Features in Training

JFrog ML Documentation

Products
JFrog ML
Content Type
User Guide

This documentation provides examples and usage patterns for interacting with the Offline Feature Store using the OfflineClientV2 in Python (available from SDK version 0.5.61 and higher). It covers how to retrieve feature values for machine learning model training and analysis.

Prerequisites:

Before using these examples, ensure you have the following Python packages installed:

pip install pyathena pyarrow

APIs:

Get Feature Values

This API retrieves features from an offline feature store for one or more feature sets, given a population DataFrame. The resulting DataFrame will include the population DataFrame enriched with the requested feature values as of the point_in_time specified.

Arguments:

  • features: List[FeatureSetFeatures] - required

    A list of feature sets to fetch.

  • population: pd.DataFrame - required

    A DataFrame containing:

    • All keys of the requested feature sets.

    • A point in time column.

    • Optional enrichments, e.g., labels.

  • point_in_time_column_name: str - required

    The name of the point in time column in the population DataFrame.

Returns:pd.DataFrame

Example call:

import pandas as pd
from frogml.feature_store.offline import OfflineClientV2
from frogml.core.feature_store.offline.feature_set_features import FeatureSetFeatures

offline_feature_store = OfflineClientV2()

user_impressions_features = FeatureSetFeatures(
    feature_set_name='impressions',
    feature_names=['number_of_impressions']
)
user_purchases_features = FeatureSetFeatures(
    feature_set_name='purchases',
    feature_names=['number_of_purchases', 'avg_purchase_amount']
)
features = [user_impressions_features, user_purchases_features]

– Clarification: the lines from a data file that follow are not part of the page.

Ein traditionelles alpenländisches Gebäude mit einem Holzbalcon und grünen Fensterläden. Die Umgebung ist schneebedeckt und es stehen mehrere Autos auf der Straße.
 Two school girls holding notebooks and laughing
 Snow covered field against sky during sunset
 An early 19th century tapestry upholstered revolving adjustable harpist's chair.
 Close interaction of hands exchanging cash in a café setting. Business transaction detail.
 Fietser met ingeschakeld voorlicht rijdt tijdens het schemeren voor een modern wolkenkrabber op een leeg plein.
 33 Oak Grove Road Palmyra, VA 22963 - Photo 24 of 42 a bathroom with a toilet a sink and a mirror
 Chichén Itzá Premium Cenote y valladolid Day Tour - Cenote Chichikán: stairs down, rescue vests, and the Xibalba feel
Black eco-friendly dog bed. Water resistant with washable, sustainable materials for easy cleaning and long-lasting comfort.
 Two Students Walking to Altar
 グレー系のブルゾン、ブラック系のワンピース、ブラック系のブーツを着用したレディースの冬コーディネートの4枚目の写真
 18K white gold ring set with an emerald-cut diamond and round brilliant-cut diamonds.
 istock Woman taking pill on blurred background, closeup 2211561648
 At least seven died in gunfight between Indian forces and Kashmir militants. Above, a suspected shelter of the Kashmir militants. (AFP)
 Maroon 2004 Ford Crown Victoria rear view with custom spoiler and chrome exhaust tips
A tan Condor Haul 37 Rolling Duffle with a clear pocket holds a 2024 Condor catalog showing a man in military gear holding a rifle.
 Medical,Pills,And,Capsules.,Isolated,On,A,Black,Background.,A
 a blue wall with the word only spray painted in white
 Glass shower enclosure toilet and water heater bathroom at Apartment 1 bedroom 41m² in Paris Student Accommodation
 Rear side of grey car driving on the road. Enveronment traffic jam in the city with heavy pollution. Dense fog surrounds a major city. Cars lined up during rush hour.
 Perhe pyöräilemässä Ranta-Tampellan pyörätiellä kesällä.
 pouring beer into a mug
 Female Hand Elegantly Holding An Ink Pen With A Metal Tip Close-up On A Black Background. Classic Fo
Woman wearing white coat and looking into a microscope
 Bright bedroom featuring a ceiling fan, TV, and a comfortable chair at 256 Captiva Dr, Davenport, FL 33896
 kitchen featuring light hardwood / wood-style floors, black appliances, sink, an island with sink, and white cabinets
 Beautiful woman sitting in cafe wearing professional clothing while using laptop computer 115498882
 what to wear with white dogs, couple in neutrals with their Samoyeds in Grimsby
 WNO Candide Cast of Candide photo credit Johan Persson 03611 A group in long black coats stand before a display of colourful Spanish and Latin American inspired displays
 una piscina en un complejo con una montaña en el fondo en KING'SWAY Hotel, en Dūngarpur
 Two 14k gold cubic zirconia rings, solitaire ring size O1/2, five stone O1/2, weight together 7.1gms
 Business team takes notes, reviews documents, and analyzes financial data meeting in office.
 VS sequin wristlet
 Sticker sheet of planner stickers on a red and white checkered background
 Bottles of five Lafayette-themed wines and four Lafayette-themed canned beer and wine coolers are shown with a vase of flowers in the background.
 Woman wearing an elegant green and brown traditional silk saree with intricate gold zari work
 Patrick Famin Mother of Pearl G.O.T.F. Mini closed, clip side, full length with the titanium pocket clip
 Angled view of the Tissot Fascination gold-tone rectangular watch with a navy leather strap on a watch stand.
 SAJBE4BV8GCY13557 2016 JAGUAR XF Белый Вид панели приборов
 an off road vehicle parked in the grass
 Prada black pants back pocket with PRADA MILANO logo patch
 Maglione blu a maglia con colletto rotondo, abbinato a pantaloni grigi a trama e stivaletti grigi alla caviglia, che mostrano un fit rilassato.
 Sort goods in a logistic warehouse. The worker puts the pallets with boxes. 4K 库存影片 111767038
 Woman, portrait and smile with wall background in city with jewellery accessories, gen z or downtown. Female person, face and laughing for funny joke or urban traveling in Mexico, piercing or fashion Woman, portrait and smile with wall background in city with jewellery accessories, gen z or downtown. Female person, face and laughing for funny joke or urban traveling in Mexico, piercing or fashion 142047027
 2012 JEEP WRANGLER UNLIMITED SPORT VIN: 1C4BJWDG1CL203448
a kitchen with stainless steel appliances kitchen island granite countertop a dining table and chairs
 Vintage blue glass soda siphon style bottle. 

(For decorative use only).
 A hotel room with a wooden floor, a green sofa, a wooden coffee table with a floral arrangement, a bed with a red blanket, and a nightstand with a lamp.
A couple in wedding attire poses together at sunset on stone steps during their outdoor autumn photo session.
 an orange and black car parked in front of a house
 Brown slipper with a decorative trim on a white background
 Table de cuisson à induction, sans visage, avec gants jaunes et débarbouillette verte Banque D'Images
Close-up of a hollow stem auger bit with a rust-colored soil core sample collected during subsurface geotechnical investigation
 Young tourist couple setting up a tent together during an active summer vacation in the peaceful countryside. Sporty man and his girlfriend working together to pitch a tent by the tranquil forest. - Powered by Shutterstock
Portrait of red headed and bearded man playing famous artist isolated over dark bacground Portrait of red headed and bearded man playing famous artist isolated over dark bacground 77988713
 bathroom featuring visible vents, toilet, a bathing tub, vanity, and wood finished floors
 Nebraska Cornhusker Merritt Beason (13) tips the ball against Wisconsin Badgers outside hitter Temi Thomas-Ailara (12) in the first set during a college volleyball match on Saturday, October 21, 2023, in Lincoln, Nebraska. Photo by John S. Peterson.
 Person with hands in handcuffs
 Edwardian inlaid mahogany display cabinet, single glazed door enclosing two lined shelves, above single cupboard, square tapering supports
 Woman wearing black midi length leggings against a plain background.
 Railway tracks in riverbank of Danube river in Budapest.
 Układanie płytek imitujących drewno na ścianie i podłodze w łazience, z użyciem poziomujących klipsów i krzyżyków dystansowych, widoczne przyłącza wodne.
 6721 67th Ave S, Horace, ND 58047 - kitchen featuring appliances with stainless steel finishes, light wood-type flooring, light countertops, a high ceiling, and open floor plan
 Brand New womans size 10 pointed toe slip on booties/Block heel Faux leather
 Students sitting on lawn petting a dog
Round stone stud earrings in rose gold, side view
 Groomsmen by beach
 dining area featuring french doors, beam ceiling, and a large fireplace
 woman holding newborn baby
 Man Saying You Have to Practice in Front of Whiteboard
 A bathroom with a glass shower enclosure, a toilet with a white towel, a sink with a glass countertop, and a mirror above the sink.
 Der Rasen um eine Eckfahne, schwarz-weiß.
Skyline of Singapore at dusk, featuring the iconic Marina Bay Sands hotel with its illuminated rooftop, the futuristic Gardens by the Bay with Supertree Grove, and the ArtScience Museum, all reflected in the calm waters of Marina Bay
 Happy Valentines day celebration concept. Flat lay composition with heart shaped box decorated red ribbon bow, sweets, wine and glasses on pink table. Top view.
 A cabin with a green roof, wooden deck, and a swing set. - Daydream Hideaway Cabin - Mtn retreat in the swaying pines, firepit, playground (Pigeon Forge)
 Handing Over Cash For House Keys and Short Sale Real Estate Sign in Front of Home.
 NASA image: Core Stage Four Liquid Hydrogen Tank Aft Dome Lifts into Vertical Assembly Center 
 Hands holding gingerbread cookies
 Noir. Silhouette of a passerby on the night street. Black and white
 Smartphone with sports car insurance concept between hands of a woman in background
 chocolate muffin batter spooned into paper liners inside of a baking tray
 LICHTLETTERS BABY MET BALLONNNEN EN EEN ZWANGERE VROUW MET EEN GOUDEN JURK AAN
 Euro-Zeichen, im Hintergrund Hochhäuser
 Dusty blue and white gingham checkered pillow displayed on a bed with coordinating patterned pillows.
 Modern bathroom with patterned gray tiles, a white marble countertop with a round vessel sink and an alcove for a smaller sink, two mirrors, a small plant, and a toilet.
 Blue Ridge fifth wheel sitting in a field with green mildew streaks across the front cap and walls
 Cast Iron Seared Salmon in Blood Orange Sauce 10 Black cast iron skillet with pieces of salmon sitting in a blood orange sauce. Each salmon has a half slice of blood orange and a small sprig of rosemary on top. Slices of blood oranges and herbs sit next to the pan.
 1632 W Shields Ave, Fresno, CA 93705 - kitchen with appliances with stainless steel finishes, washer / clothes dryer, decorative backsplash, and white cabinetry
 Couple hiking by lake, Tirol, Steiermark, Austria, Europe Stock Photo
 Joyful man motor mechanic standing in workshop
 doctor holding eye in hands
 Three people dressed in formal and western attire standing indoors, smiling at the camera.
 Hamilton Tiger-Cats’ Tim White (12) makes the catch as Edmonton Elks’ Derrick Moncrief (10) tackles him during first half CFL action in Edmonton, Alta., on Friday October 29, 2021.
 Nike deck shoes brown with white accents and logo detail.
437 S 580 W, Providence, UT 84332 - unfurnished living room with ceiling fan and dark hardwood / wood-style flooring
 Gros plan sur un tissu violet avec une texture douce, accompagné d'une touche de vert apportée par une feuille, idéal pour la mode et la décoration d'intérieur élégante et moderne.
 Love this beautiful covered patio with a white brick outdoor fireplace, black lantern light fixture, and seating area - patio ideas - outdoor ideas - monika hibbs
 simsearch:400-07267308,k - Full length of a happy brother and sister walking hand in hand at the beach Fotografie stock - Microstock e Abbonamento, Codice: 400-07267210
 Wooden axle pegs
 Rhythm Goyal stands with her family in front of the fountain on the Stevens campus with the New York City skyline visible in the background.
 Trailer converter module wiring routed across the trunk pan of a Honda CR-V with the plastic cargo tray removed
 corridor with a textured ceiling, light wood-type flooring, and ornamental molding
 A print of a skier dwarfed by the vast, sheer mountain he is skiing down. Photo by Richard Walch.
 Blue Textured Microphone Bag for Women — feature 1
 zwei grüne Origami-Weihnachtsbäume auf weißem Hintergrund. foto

population_df = pd.DataFrame(
    columns=['impression_id', 'purchase_id', 'timestamp', 'label'],
    data=[['1', '100', '2021-01-02 17:00:00', 1], ['2', '200', '2021-01-01 12:00:00', 0]]
)

train_df: pd.DataFrame = offline_feature_store.get_feature_values(
    features=features,
    population=population_df,
    point_in_time_column_name='timestamp'
)

print(train_df.head())

Example results:

# train_df
#    impression_id   purchase_id           timestamp           label   impressions.number_of_impressions   purchases.number_of_purchases   purchases.avg_purchase_amount
# 0       1               100       2021-04-24 17:00:00       1                   312                                         76                                4.796842
# 1       2               200       2021-04-24 12:00:00       0                    86                                          5                                1.548000

In this example, the label serves as an enhancement to the dataset, rather than a criterion for data selection. This approach is particularly useful when you possess a comprehensive list of keys along with their respective timestamps. The Feature Store API is designed to cater to scenarios requiring data amalgamation from multiple feature sets, ensuring that, for each row in population_df, no more than one corresponding record is returned. Leveraging JFrog ML time-series based feature store, which organizes data within start_timestamp and end_timestamp bounds for each feature vector (key), guarantees that a singular, most relevant result is retrieved for every unique key-timestamp combination.

Get Feature Range Values

Retrieve features from an offline feature-set for a given time range. The result data-frame will contain all data points of the given feature-set in the given time range. If population is provided, then the result will be filtered by the key values it contains.

Arguments:

  • features: FeatureSetFeatures - required:

    A list of features to fetch from a single feature set.

  • start_date: datetime - required:

    The lower time bound.

  • end_date: datetime - required:

    The upper time bound.

  • population: pd.DataFrame - optional:

    A DataFrame containing the following columns:

    • The key of the requested feature-set required

    • Enrichments e.g., labels. optional

Returns:pd.DataFrame

Example Call:

from datetime import datetime
import pandas as pd
from frogml.feature_store.offline import OfflineClientV2
from frogml.core.feature_store.offline.feature_set_features import FeatureSetFeatures

offline_feature_store = OfflineClientV2()

start_date = datetime(year=2021, month=1, day=1)
end_date = datetime(year=2021, month=1, day=3)
features = FeatureSetFeatures(
    feature_set_name='purchases',
    feature_names=['number_of_purchases', 'avg_purchase_amount']
)

train_df: pd.DataFrame = offline_feature_store.get_feature_range_values(
    features=features,
    start_date=start_date,
    end_date=end_date
)

print(train_df.head())

Example Results:

# train_df
#      purchase_id           timestamp           purchases.number_of_purchases     purchases.avg_purchase_amount
# 0       1             2021-01-02 17:00:00               76                                4.796842
# 1       1             2021-01-01 12:00:00                5                                1.548000
# 2       2             2021-01-02 12:00:00                5                                5.548000
# 3       2             2021-01-01 18:00:00                5                                2.788000                         

Note

Current Limitations

The get_feature_range_values API call is currently not available for Streaming Aggregations feature sets and not available to fetch data for multiple feature sets at the same time (join data).